New TSANZ position on management of IPF/PPF


By Mardi Chapman

1 Feb 2024

TSANZ has updated its position on the management of idiopathic pulmonary fibrosis (IPF) and, for the first time, included the treatment of non-IPF progressive pulmonary fibrosis (PPF).

The position statement, published in Respirology [link here], recognises the important role of anti-fibrotic therapy in both conditions and non-pharmacological therapies, including oxygen and pulmonary rehabilitation.

Regarding anti-fibrotic therapy for IPF, the position paper said both nintedanib and pirfenidone have been shown to be effective in slowing the rate of decline in lung function.

It also said that several national IPF registries, including Australia’s, reported a survival benefit with anti-fibrotic therapies compared to untreated cohorts.

“Given that both anti-fibrotics demonstrate efficacy in early/mild disease, all patients should be considered for anti-fibrotic therapy at IPF diagnosis,” it said.

However, there was no evidence of a superior benefit from the combination of pirfenidone and nintedanib; therefore, combination anti-fibrotic therapy is not currently recommended outside clinical trials.

The position statement provides tips for the management of adverse events with anti-fibrotic therapy, noting that disease progression and treatment toxicity are the most common reasons for discontinuing treatment.

It said that PBS funding allows for switching between the two drugs for toxicity, but switching may also lead to time off therapy and potentially expose patients to new intolerances.

“There is no evidence that switching to an alternative anti-fibrotic favourably impacts disease progression,” it said.

The position statement noted that nintedanib should be considered in patients with PPF “with evidence for treatment benefit across a range of ILD subgroups. ”

“Despite demonstrating progressive disease behaviour, certain ILDs may still be best treated with immunosuppression such as CTD-ILD, or antigen avoidance in fibrotic hypersensitivity pneumonitis, potentially alongside the addition of nintedanib,…” it said.

The position paper said all patients with IPF and PPF should be presented with the option to participate in clinical trials of novel agents such as fibulin-1c inhibitors, checkpoint inhibitors, inhibitors of profibrotic macrophages, and modulators of cellular senescence.

Unmet areas of clinical need

The position paper said there were no proven therapies for acute exacerbations of IPF.

Non-invasive ventilation and high-flow oxygen were often initiated, as were high-dose corticosteroids, but without any data to support these approaches.

Mechanical ventilation was discouraged except in limited situations such as bridge to transplant.

“Management consists of supportive care with a focus on palliation of symptoms, supplemental oxygen to correct hypoxaemia and consideration of broad-spectrum antibiotics and antiviral agents to cover possible infection,” it said.

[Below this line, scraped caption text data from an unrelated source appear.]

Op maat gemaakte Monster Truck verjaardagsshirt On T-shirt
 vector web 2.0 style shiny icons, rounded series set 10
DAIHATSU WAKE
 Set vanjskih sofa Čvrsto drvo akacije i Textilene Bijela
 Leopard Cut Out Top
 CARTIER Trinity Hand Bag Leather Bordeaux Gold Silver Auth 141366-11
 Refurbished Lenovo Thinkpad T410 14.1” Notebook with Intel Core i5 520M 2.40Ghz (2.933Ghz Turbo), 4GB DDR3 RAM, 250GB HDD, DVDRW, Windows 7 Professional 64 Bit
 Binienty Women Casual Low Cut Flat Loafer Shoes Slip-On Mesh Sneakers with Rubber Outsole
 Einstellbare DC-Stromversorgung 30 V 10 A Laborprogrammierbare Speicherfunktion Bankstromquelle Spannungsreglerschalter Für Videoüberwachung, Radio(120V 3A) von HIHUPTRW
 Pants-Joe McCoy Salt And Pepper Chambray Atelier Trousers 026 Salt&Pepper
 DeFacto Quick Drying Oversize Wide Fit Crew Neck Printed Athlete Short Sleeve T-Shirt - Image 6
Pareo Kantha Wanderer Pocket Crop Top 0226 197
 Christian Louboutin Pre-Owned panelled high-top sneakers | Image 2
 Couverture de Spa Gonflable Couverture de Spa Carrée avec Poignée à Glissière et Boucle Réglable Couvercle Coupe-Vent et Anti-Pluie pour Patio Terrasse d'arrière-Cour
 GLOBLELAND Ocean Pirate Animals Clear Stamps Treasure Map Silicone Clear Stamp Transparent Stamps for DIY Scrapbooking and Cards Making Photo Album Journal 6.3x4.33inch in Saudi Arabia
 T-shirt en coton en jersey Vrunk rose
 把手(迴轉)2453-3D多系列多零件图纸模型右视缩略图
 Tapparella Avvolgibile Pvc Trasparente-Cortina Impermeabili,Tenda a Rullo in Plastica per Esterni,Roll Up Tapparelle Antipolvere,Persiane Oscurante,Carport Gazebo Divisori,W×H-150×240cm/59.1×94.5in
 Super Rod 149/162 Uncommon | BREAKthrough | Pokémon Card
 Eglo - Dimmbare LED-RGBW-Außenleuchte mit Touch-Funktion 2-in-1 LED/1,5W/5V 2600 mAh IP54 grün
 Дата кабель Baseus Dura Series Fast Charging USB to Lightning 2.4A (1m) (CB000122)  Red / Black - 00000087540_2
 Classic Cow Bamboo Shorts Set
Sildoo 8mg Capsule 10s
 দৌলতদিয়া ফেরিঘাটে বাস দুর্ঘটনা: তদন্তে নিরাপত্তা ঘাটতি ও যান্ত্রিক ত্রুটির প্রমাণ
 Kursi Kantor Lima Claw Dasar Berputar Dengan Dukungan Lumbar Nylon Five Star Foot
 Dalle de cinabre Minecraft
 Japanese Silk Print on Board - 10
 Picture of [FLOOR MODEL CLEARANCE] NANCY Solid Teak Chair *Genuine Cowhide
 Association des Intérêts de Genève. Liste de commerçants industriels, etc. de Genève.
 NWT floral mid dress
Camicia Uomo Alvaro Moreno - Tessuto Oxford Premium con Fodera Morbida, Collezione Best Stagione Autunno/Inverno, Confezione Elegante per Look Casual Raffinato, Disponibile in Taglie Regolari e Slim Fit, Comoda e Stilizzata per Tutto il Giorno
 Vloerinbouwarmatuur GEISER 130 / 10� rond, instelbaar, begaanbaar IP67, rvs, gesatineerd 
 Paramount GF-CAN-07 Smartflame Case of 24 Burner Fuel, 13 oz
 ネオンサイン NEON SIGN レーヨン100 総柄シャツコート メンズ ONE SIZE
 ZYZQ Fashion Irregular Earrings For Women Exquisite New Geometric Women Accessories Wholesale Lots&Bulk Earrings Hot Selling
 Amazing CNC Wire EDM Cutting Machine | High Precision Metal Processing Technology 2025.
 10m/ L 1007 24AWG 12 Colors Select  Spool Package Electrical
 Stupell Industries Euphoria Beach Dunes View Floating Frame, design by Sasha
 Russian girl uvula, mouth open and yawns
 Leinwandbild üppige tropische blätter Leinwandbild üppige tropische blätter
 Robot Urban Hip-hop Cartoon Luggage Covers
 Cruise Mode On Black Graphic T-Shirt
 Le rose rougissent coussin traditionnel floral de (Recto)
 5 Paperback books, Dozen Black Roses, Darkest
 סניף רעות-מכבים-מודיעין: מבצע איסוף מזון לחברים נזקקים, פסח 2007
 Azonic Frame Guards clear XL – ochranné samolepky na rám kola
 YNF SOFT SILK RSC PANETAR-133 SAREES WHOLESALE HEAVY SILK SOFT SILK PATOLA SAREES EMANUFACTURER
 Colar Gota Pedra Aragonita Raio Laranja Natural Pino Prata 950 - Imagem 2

Regarding timely access to palliative care, the position paper said the pervasive misconception that palliative care is solely for end-of-life care continued to be a barrier to best practice.

It referenced 2023 ERS guidelines [link here] which call for palliative care initiation “when there are unmet physical, psychological, social or spiritual/existential unmet needs.”

“This is particularly pertinent to IPF and PPF, where patients are faced with a significantly shortened survival, inevitable disease progression in an unpredictable fashion, and worsening symptoms despite anti-fibrotic therapy.”

Genetic risk

The position paper said telomere shortening, secondary to mutations in telomere-related genes, was the most common genetic association in families with pulmonary fibrosis.

“Additionally, telomere shortening is identified in up to 25% of sporadic IPF cases and associates with worse prognosis.”

As well as the more aggressive disease trajectory, patients with telomere shortening appeared to be particularly susceptible to the harmful effects of immunosuppression.

“Such patients may experience rapid deterioration, and early referral to a lung transplant unit should be considered,” the position paper said.

The position statement’s authors, led by Dr John Mackintosh from The Prince Charles Hospital in Brisbane, said the future of IPF and PPF management was likely to be increasingly complex and individualised.

“Despite current limitations in the management of IPF and PPF, through a global collaborative effort and clinical trial endeavours, the future for this patient cohort looks promising,” they concluded.